EXERCISE INSTRUCTIONS: All entries are to be copied verbatim, while the pictures stay out.

******

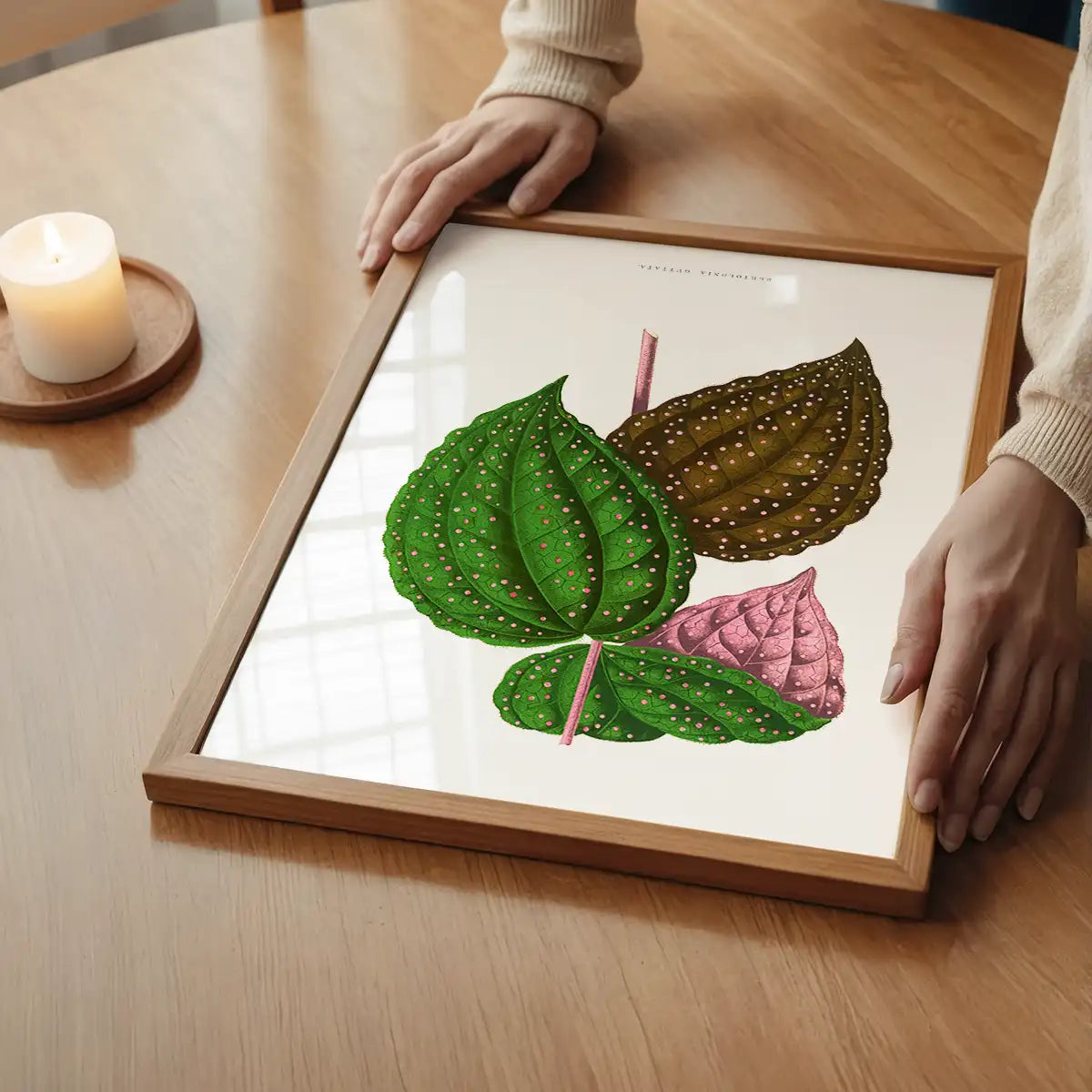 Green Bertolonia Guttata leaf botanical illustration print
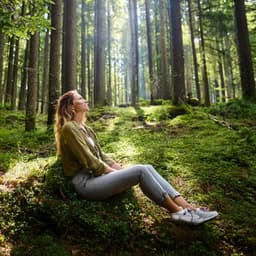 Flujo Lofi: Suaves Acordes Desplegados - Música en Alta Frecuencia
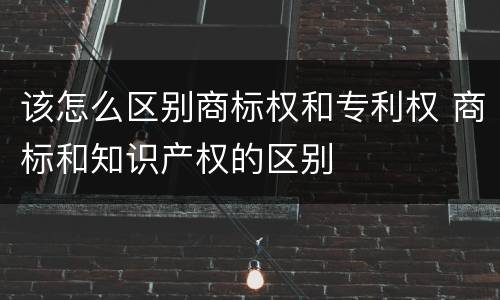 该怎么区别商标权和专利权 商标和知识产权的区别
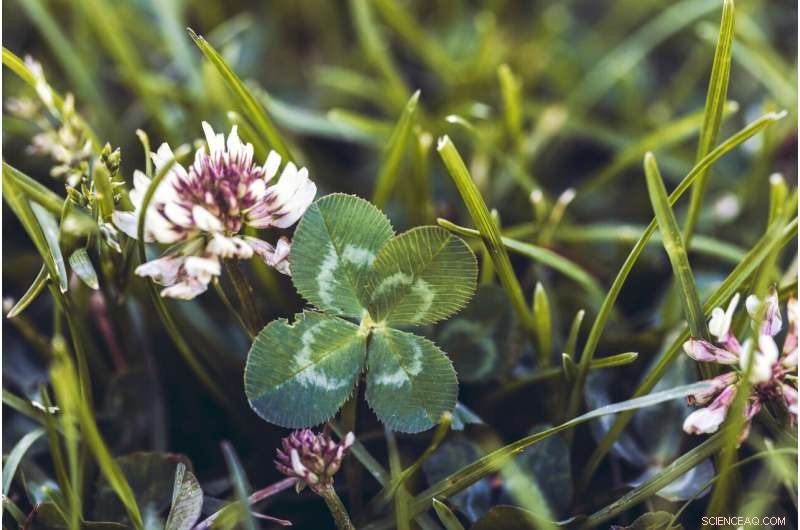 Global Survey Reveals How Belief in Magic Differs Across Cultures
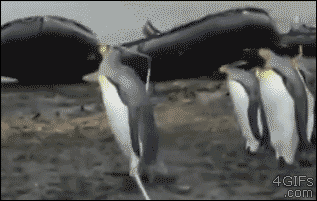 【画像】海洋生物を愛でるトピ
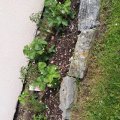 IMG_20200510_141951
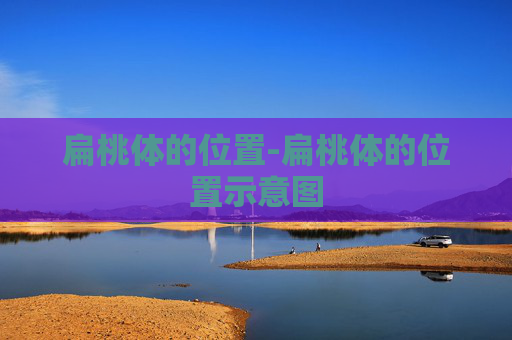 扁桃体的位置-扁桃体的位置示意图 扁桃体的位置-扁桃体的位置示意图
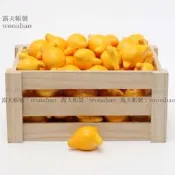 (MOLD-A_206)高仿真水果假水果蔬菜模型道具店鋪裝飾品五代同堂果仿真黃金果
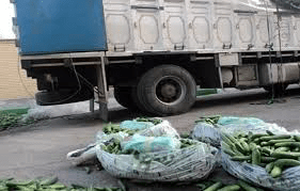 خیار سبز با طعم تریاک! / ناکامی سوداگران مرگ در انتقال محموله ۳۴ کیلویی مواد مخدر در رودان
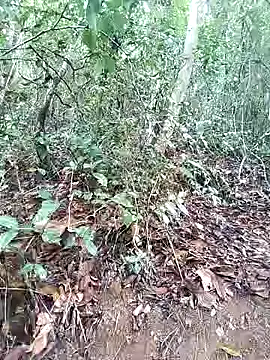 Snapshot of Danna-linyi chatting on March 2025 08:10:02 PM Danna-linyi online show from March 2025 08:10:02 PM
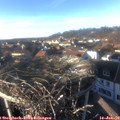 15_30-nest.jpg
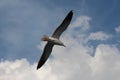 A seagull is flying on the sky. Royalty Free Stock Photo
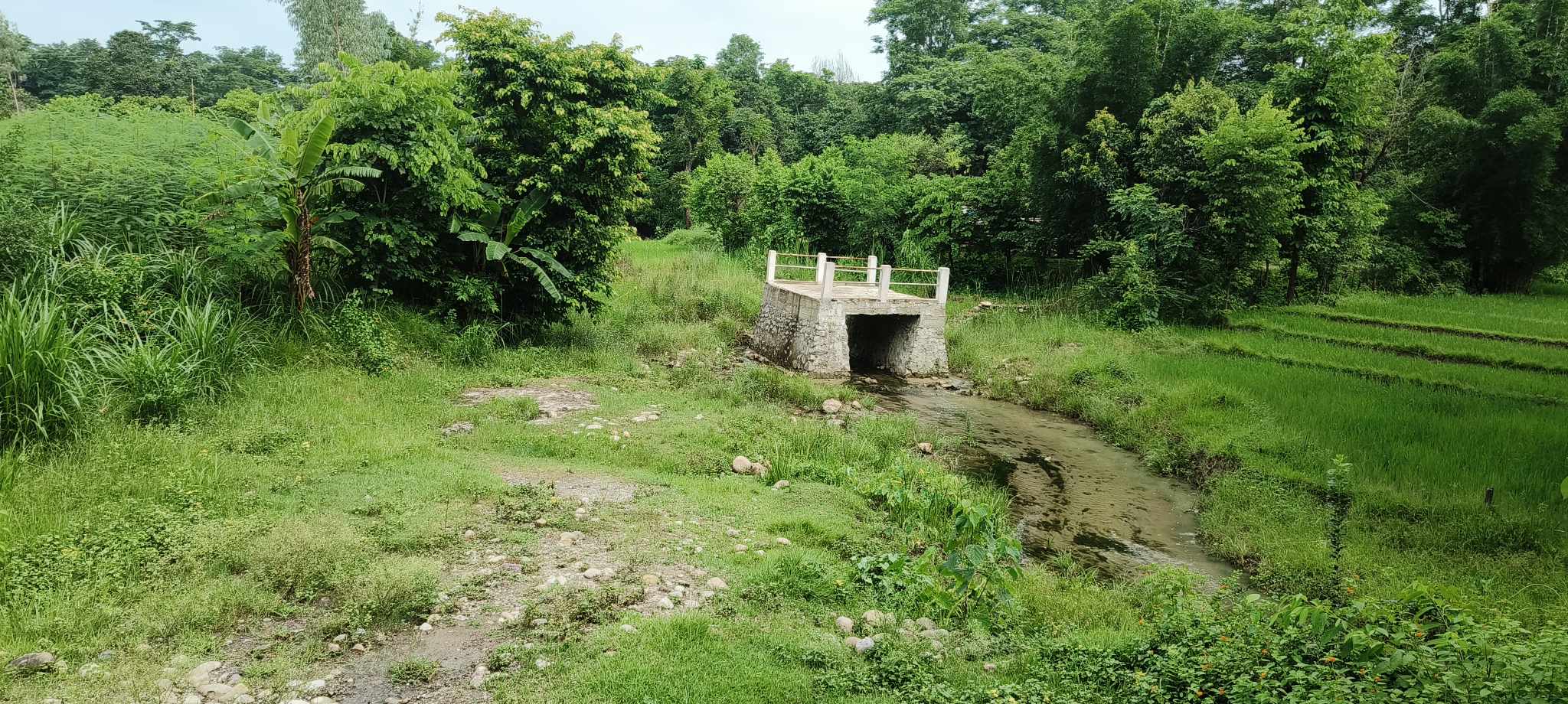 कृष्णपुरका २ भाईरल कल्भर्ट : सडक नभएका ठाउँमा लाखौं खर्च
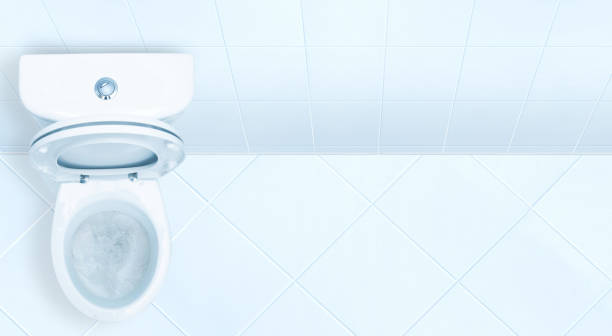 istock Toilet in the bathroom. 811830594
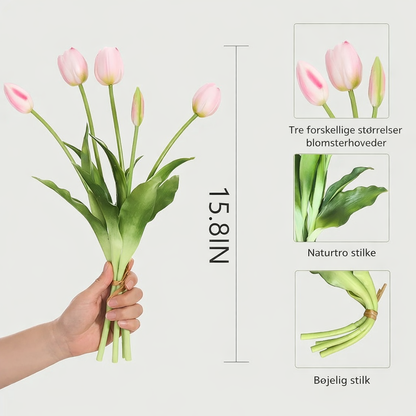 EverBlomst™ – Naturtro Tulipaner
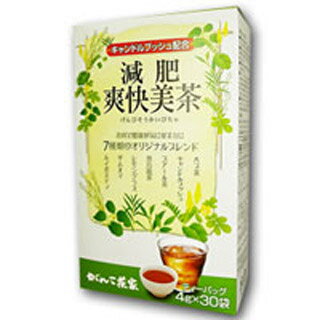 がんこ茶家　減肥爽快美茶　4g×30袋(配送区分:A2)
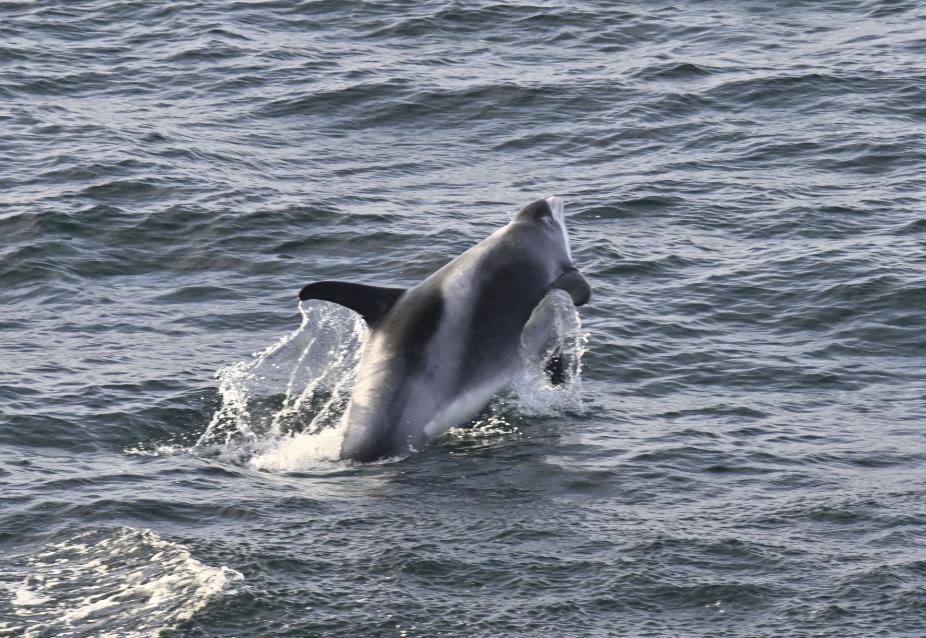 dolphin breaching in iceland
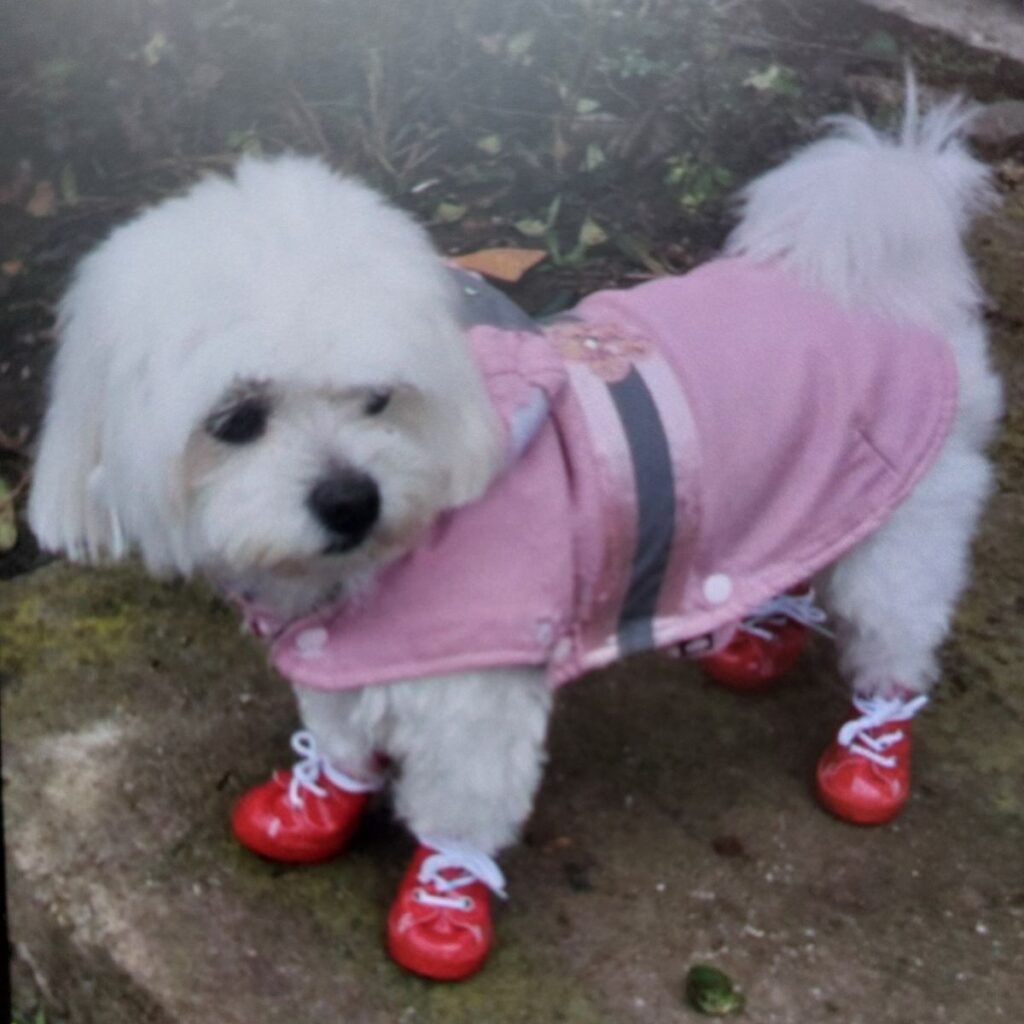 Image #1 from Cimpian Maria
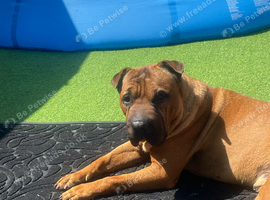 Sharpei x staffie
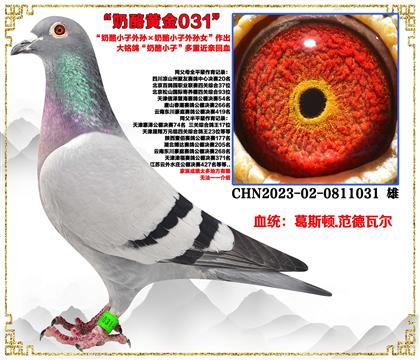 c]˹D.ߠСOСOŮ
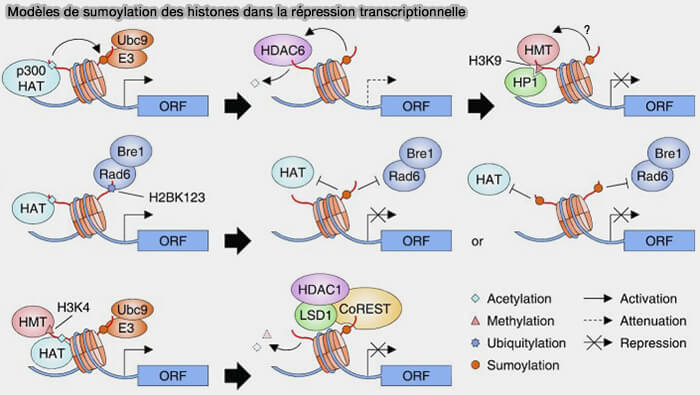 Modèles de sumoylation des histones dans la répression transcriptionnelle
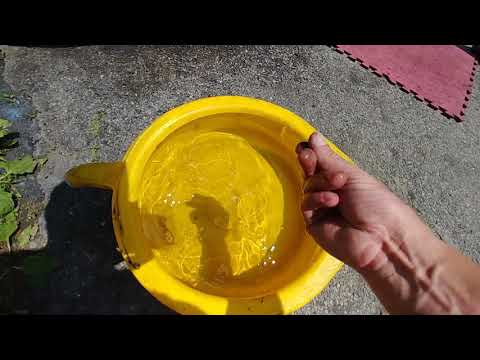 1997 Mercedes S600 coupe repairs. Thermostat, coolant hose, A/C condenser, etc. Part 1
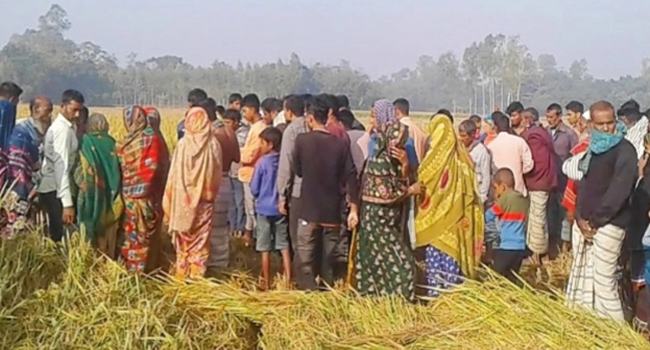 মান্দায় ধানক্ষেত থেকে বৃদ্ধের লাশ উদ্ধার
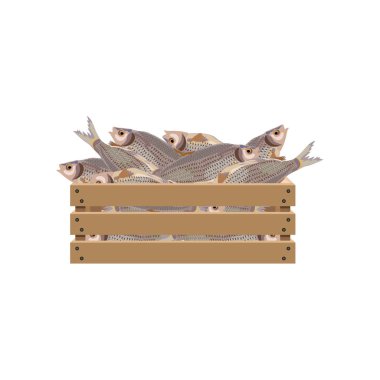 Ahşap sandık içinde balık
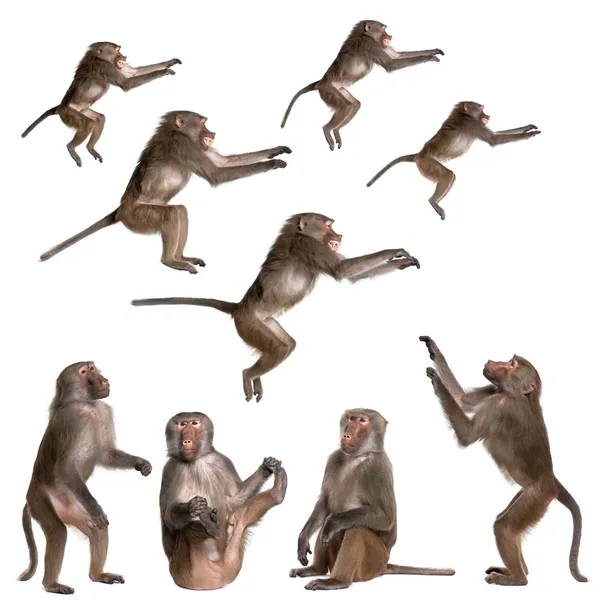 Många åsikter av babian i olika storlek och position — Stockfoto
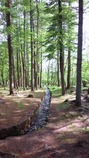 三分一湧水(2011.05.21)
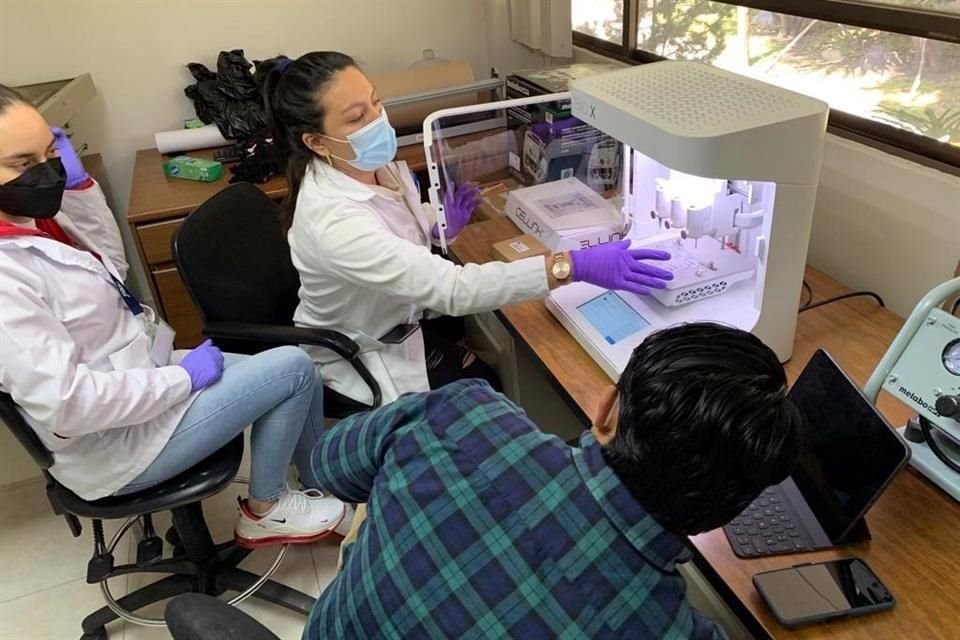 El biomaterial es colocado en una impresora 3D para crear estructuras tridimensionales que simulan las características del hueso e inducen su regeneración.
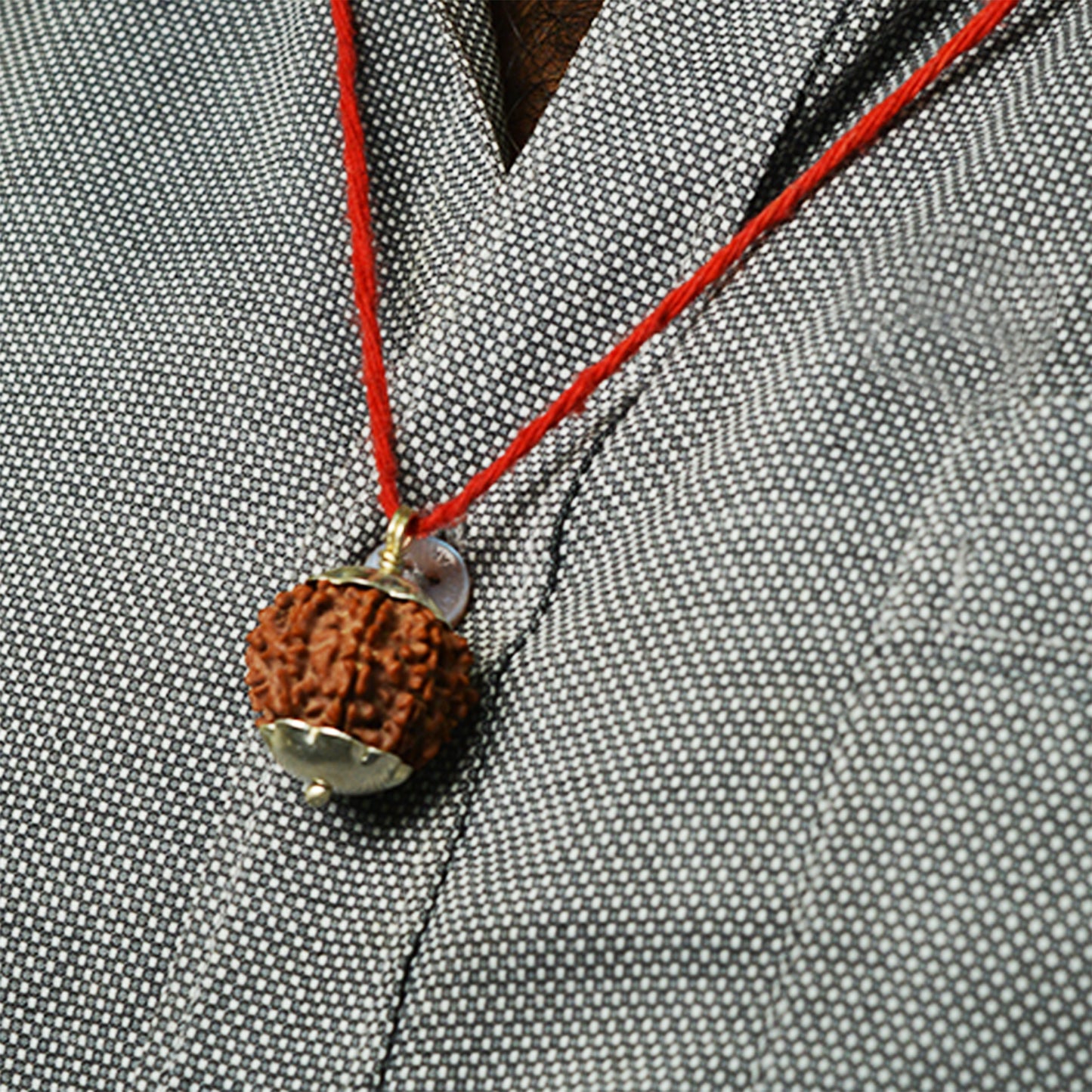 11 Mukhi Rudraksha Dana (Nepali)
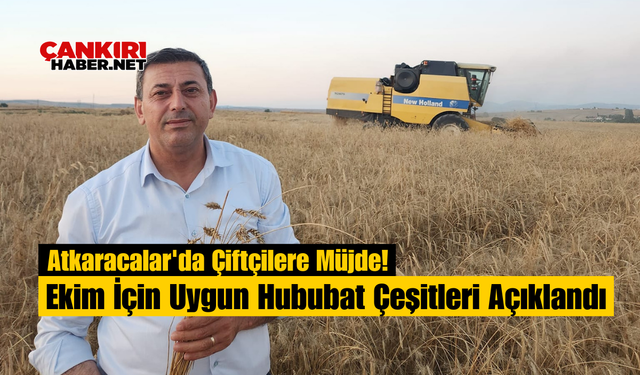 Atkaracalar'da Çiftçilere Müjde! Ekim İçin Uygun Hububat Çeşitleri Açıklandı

******

SOLUTION FOR THIS EXERCISE:
 Green Bertolonia Guttata leaf botanical illustration print
 Flujo Lofi: Suaves Acordes Desplegados - Música en Alta Frecuencia
 该怎么区别商标权和专利权 商标和知识产权的区别
 Global Survey Reveals How Belief in Magic Differs Across Cultures
 【画像】海洋生物を愛でるトピ
 IMG_20200510_141951
 扁桃体的位置-扁桃体的位置示意图 扁桃体的位置-扁桃体的位置示意图
 (MOLD-A_206)高仿真水果假水果蔬菜模型道具店鋪裝飾品五代同堂果仿真黃金果
 خیار سبز با طعم تریاک! / ناکامی سوداگران مرگ در انتقال محموله ۳۴ کیلویی مواد مخدر در رودان
 Snapshot of Danna-linyi chatting on March 2025 08:10:02 PM Danna-linyi online show from March 2025 08:10:02 PM
 15_30-nest.jpg
 A seagull is flying on the sky. Royalty Free Stock Photo
 कृष्णपुरका २ भाईरल कल्भर्ट : सडक नभएका ठाउँमा लाखौं खर्च
 istock Toilet in the bathroom. 811830594
 EverBlomst™ – Naturtro Tulipaner
 がんこ茶家　減肥爽快美茶　4g×30袋(配送区分:A2)
 dolphin breaching in iceland
 Image #1 from Cimpian Maria
 Sharpei x staffie
 c]˹D.ߠСOСOŮ
 Modèles de sumoylation des histones dans la répression transcriptionnelle
 1997 Mercedes S600 coupe repairs. Thermostat, coolant hose, A/C condenser, etc. Part 1
 মান্দায় ধানক্ষেত থেকে বৃদ্ধের লাশ উদ্ধার
 Ahşap sandık içinde balık
 Många åsikter av babian i olika storlek och position — Stockfoto
 三分一湧水(2011.05.21)
 El biomaterial es colocado en una impresora 3D para crear estructuras tridimensionales que simulan las características del hueso e inducen su regeneración.
 11 Mukhi Rudraksha Dana (Nepali)
 Atkaracalar'da Çiftçilere Müjde! Ekim İçin Uygun Hububat Çeşitleri Açıklandı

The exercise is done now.